Sunday, August 11, 2019
Today's Heathen Science versus Christianity
We have a human development of a heathen nature — natural science is still heathen — and a human development of a Christian nature. In our day many have the tendency to prevent these two streams, which have met on Earth in order to work together, from coming together.
Consider for instance, how the whole purport of a book such as that of Traub [*Rudolf Steiner als Philosoph und Theosoph, by Friedrich Traub, Tubingen, 1919.] — the rest of the book has no meaning without this — consists in the assertion: ‘Yes, Dr. Steiner wishes to unite the two streams, heathen and Christian. We will not let that happen. We want natural science to remain heathen, so that there may be no necessity to bring about anything in Christendom which may reconcile it with natural science.’ Of course, if Natural Science is allowed to be heathen, Christianity cannot unite with it. Then it can be said: ‘Natural Science is carried on externally, materialistically; Christendom is founded on faith. The two must not be reconciled.’ Christ, however, truly did not appear on Earth in order that side by side with his Impulses the heathen impulse should increase in power; He came to permeate the heathen impulse. The task of the present time is to unite what man would keep asunder — Knowledge and Faith — and this must come to pass. Therefore attention must be drawn to such things, as I have done in one of my recent public lectures. On the one side the Church has reached the conclusion that Cosmology is not to be admitted into Christology, and on the other hand a Cosmology is reached by the principle of the indestructibility of matter and force. [*The word “force” on this page is generally rendered “Energy” in English scientific writing (Indestructibility of Matter and Energy).] But if matter and force are regarded as indestructible and eternal, it leads to the treading under foot of all ideals. And then Christianity too is meaningless. Only when what constitutes matter and its laws is regarded as a transitory phenomenon, and when the Christ-Impulse becomes a seed of what will exist when matter and force no longer rule as they do now according to law but have died away, then alone will Christianity, and then alone will ethical ideals and human worth, have a true meaning. There are two great antitheses: The one arising from the final logical conclusion of heathenism — ‘Matter and Force are immortal’, and the other arising from Christianity — ‘Heaven and Earth shall pass away, but My words shall not pass away.’

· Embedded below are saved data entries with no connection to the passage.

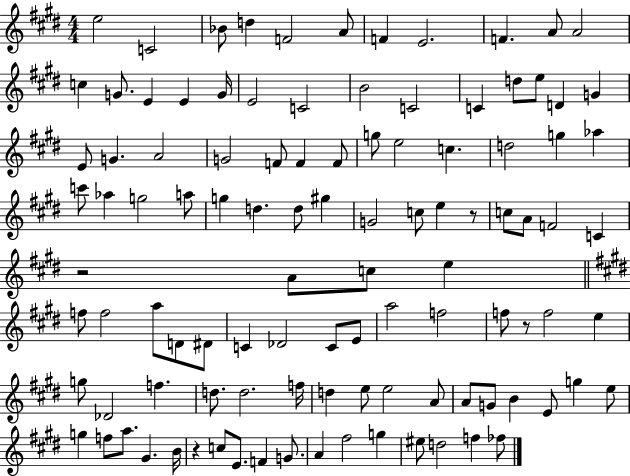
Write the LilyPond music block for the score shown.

{
  \clef treble
  \numericTimeSignature
  \time 4/4
  \key e \major
  \repeat volta 2 { e''2 c'2 | bes'8 d''4 f'2 a'8 | f'4 e'2. | f'4. a'8 a'2 | \break c''4 g'8. e'4 e'4 g'16 | e'2 c'2 | b'2 c'2 | c'4 d''8 e''8 d'4 g'4 | \break e'8 g'4. a'2 | g'2 f'8 f'4 f'8 | g''8 e''2 c''4. | d''2 g''4 aes''4 | \break c'''8 aes''4 g''2 a''8 | g''4 d''4. d''8 gis''4 | g'2 c''8 e''4 r8 | c''8 a'8 f'2 c'4 | \break r2 a'8 c''8 e''4 | \bar "||" \break \key e \major f''8 f''2 a''8 d'8 dis'8 | c'4 des'2 c'8 e'8 | a''2 f''2 | f''8 r8 f''2 e''4 | \break g''8 des'2 f''4. | d''8. d''2. f''16 | d''4 e''8 e''2 a'8 | a'8 g'8 b'4 e'8 g''4 e''8 | \break g''4 f''8 a''8. gis'4. b'16 | r4 c''8 e'8. f'4 g'8. | a'4 fis''2 g''4 | eis''8 d''2 f''4 fes''8 | \break } \bar "|."
}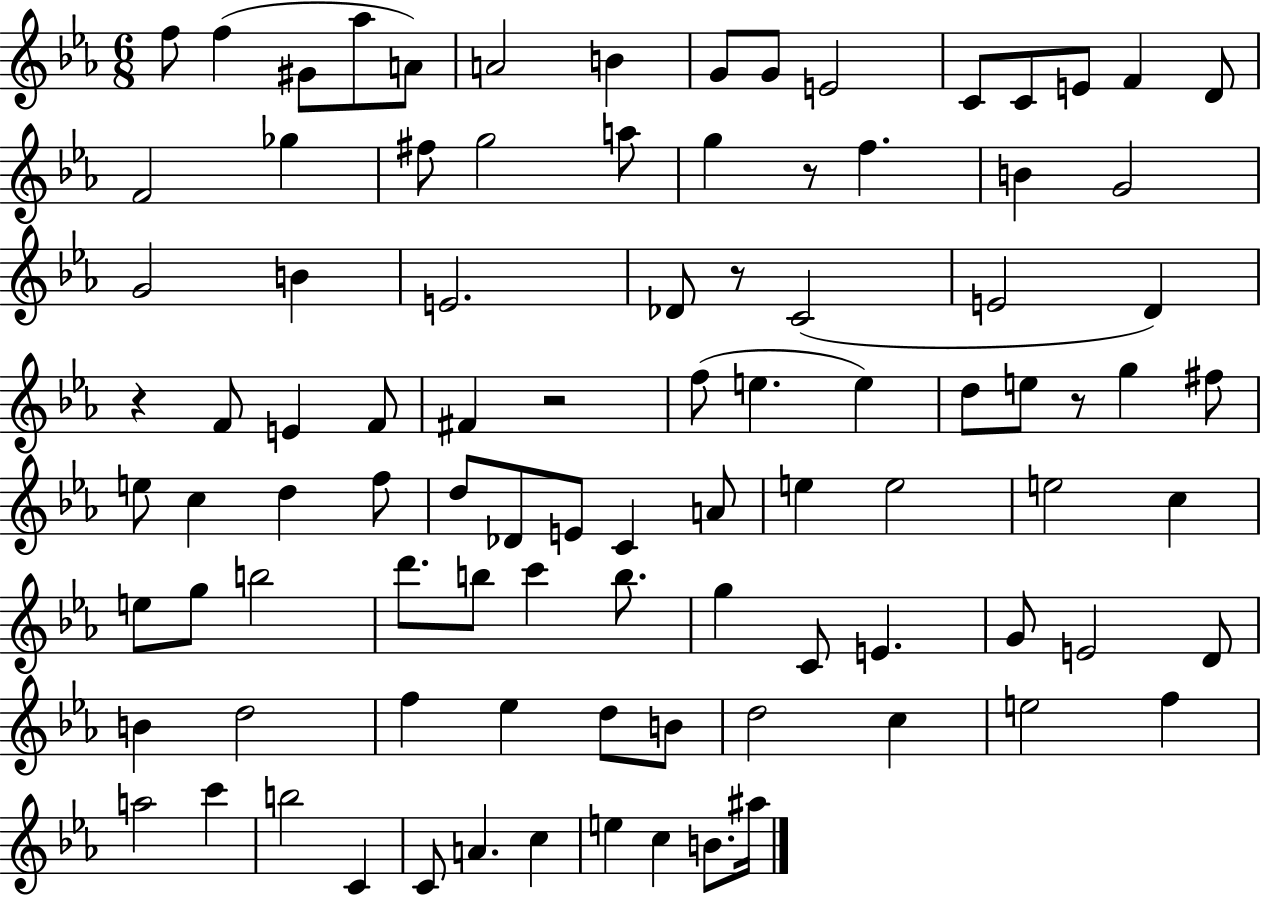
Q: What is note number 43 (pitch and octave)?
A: E5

These are the two greatest contrasts which can be expressed in a concept of the world, and our age has indeed every need not to be confused about such things, but with a mind awake, earnestly to look at what must be attained as a right concept of the world, in which moral human value and the Christian Impulse in the evolution of the world are not lost sight of in the illusion of indestructible matter and indestructible force.